Task instructions :: Copy every line in the listing that contains "Hotel".

Start of Extracted information

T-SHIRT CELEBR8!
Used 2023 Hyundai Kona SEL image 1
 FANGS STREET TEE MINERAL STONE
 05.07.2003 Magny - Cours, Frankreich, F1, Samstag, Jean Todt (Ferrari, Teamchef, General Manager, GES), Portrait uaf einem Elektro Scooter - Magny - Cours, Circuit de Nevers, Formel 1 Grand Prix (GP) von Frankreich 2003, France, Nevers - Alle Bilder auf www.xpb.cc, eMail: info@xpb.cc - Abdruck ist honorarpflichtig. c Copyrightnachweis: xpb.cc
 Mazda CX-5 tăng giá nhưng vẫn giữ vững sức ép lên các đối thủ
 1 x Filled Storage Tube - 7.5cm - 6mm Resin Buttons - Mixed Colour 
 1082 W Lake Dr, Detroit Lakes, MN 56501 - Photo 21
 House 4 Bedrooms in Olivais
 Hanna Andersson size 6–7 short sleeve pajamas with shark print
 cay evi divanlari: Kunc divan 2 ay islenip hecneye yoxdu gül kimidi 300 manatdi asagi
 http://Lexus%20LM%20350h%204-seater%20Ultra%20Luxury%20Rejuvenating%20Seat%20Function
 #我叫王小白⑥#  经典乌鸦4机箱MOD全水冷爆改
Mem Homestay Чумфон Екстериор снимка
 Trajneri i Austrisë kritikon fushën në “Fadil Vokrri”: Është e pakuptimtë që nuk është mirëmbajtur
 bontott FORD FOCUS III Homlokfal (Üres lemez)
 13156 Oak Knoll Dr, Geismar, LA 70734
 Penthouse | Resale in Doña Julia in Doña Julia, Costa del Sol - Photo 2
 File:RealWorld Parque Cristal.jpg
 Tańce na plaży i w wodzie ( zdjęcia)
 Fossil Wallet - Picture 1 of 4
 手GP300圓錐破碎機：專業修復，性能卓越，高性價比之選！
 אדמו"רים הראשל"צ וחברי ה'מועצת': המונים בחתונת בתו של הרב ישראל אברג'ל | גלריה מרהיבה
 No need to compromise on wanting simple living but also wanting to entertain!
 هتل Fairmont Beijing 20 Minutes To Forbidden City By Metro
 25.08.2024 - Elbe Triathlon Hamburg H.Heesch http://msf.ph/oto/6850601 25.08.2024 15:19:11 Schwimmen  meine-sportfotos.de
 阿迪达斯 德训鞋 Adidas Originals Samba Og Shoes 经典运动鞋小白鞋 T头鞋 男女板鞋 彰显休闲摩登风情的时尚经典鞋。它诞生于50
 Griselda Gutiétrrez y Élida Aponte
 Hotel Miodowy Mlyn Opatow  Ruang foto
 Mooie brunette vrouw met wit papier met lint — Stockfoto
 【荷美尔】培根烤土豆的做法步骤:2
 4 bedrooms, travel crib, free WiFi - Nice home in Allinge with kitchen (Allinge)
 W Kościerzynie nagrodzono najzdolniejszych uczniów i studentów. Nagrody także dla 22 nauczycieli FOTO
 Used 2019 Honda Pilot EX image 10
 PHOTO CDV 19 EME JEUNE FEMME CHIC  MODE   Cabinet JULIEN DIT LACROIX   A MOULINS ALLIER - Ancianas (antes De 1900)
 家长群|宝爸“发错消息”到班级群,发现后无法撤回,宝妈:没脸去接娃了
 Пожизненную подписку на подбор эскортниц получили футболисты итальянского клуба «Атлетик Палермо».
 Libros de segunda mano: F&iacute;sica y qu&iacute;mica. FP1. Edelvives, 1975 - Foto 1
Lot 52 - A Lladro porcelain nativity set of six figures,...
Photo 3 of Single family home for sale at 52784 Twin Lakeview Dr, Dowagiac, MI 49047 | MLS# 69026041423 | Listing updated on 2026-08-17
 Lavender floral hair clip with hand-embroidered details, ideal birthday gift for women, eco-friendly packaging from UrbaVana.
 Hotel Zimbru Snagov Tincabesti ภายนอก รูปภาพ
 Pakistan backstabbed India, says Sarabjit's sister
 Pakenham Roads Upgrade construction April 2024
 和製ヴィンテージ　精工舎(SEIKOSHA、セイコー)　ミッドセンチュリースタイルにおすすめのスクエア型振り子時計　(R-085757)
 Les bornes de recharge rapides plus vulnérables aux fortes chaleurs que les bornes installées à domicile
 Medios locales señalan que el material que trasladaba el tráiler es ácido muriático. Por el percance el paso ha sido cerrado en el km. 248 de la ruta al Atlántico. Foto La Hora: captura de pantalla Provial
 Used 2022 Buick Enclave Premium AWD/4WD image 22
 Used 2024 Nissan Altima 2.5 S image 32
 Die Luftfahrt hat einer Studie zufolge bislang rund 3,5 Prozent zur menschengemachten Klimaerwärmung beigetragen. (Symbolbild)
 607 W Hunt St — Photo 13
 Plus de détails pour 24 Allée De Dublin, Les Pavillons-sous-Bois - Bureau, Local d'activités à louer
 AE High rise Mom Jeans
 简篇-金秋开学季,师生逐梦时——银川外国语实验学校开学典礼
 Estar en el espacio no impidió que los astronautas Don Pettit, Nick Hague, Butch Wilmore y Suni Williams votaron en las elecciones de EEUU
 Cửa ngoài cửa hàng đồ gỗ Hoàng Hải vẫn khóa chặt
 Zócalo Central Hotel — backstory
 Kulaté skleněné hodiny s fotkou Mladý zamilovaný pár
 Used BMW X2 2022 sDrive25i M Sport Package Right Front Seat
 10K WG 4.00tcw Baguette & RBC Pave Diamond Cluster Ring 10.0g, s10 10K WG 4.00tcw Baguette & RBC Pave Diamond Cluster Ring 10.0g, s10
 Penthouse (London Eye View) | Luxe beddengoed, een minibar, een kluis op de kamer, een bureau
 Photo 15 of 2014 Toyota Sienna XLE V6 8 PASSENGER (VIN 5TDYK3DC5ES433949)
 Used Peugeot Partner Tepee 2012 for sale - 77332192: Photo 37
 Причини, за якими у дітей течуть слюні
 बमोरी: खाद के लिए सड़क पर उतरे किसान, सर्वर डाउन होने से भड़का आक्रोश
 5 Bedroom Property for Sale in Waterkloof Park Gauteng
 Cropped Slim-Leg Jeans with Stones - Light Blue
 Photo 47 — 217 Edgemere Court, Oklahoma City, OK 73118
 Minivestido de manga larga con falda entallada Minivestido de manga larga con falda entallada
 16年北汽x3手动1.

End of Extracted information

Written reply ::
 Hotel Miodowy Mlyn Opatow  Ruang foto
 Hotel Zimbru Snagov Tincabesti ภายนอก รูปภาพ
 Zócalo Central Hotel — backstory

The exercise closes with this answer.